What Is Backing?
Every language has rules about how sounds can be combined. There’s even a name for the science of speech sounds and sound patterns; it’s called “phonology.” As children listen and learn speech, they naturally pick up on these rules and learn to speak like the adults around them. However, this process also intrinsically involves making mistakes and learning as a gradual process. No baby is going to start out saying “I’d like a glass of water please.”
“Backing disorders are often classified as types of substitutions because when the pronunciation of sounds is moved to the back of the mouth, a substitute sound is made instead. For example, someone with a backing disorder who attempts to produce a “t” sound may well produce a “k” sound instead” (Speech Disorders).
Is it Common?
Because learning is a process and the brain naturally likes order and patterns, sometimes children will develop their own rules for pronouncing words – generally this is to make the pronunciation of words easier. When a child does this it’s called a phonological “error” or process, and it’s very natural for children between the ages of 3-5. Backing is one such phonological process and it involves substituting sounds that should be made at the front of the mouth for sounds generated at the back of the mouth. For example, “tap” could become “cap” or “dot” could become “got”.
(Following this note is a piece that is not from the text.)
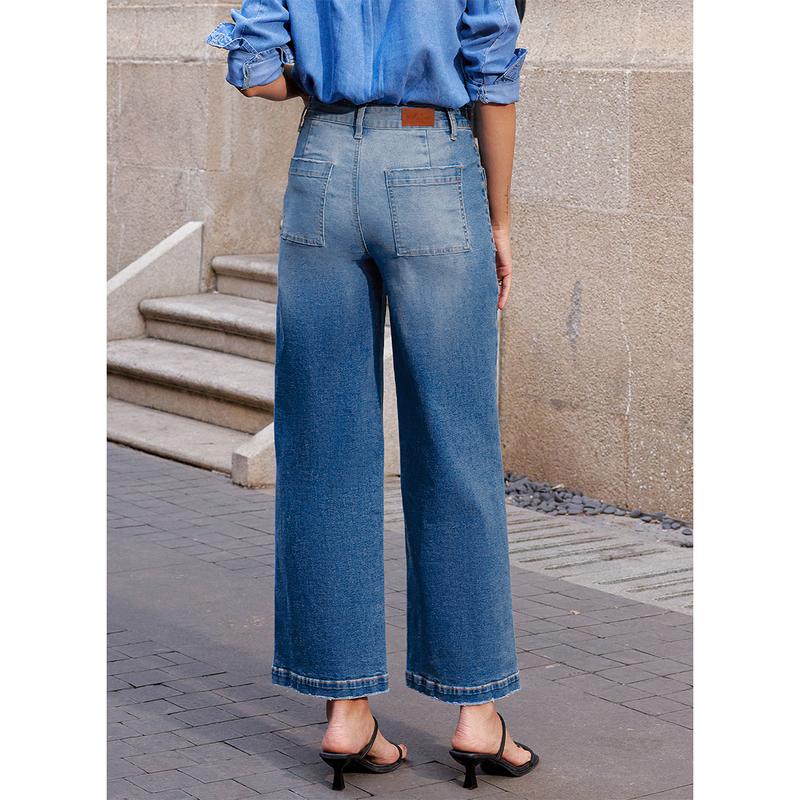 Cropped Wide Leg Jeans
When Should I Seek Professional Help?
Backing is a very common phonological disorder and will generally clear up on its own as the child gets older. However, if your child’s speech is unintelligible or if he is still backing after the age of 5, obtaining a speech evaluation from a speech language pathologist (SLP) might be advisable. An evaluation does not commit you to getting speech therapy; it is simply a tool which can help determine if your child needs therapy or not. Additionally, if it turns out your child does need therapy, it is likely to be more effective if you’re seeking treatment early on.
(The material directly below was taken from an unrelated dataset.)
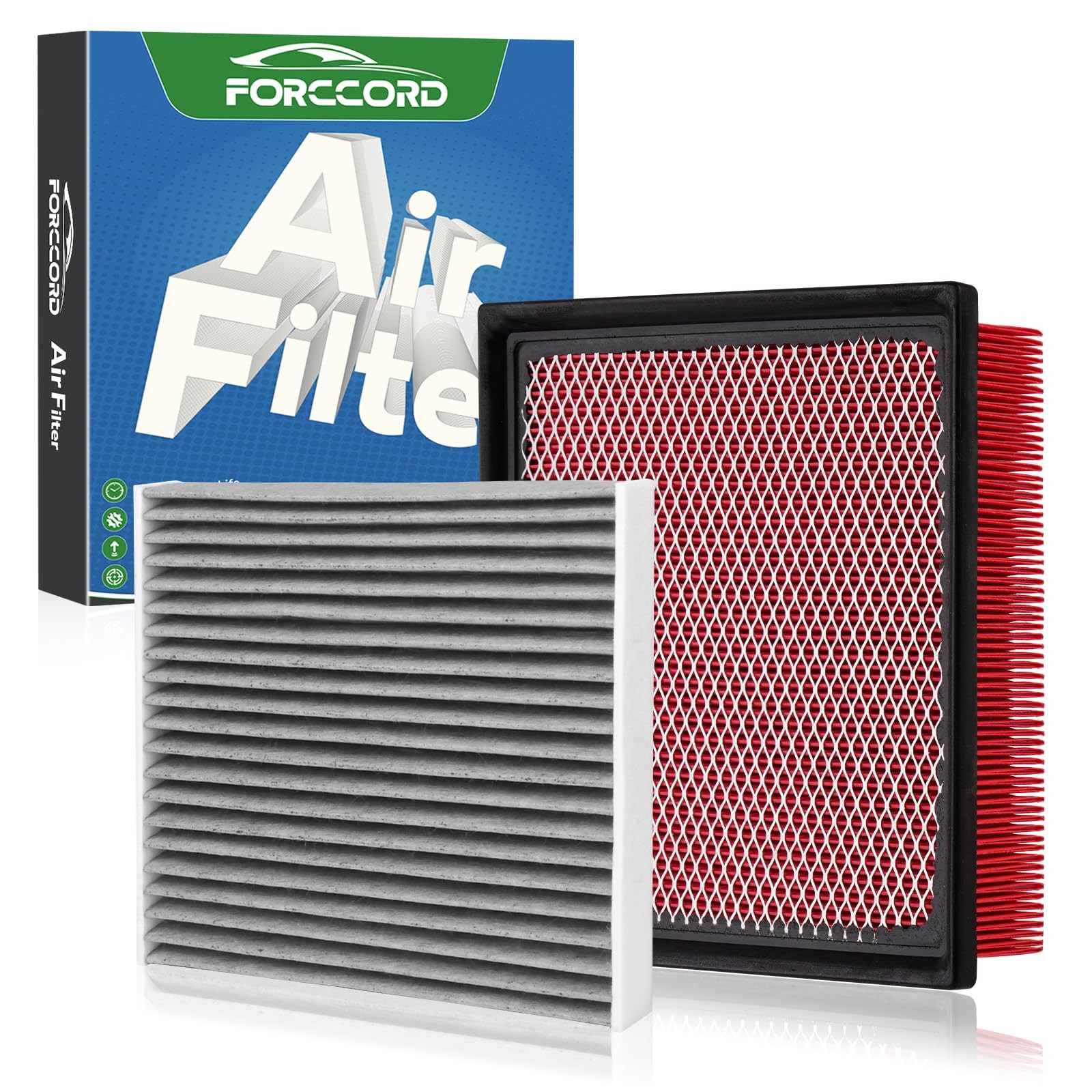 Forccord Cabin & Engine Air Filter Fits for Highlander CF10285&CA10755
The good news about phonological disorders is that they don’t involve any kind of muscular disability – your child has merely picked up a wrong pattern for connecting sounds and must re-learn the correct ones. Children with phonological disorders, like backing, tend to benefit greatly from speech therapy.
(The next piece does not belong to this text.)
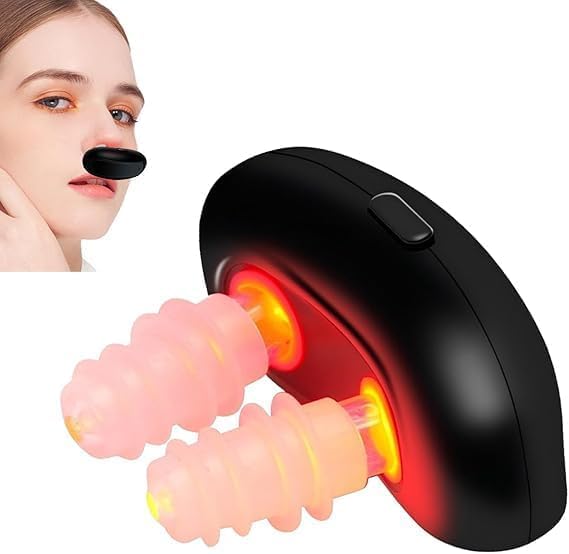 Portable Infrared Nasal Light Therapy Device, Black, USB Rechargeable, Battery Powered, Red Light Treatment for Sinus Relief and Congestion Support, 5x5x5 cm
While the prospect of therapy might sound daunting, treatment of phonological disorders is often a very straightforward process. Treatment may involve demonstrating how to produce the sound correctly, learning to recognize correct and incorrect sounds, and practicing sounds in different words through repetition.
If your child does require therapy, there are two things you can do that will have a huge impact on your child’s success: The first is getting involved in the process. A speech-language therapist will also be able to recommend games and at-home practices to do with your child that will enhance the work done in formal therapy sessions. Secondly, be patient with your child. Any speech abnormality, no matter how short lived, can have adverse side effects if the child’s self-esteem or confidence is put into jeopardy by ridicule or too much pressure to perform well. Chances are good that your child will overcome his or her phonological disorder, but it will take a bit of time.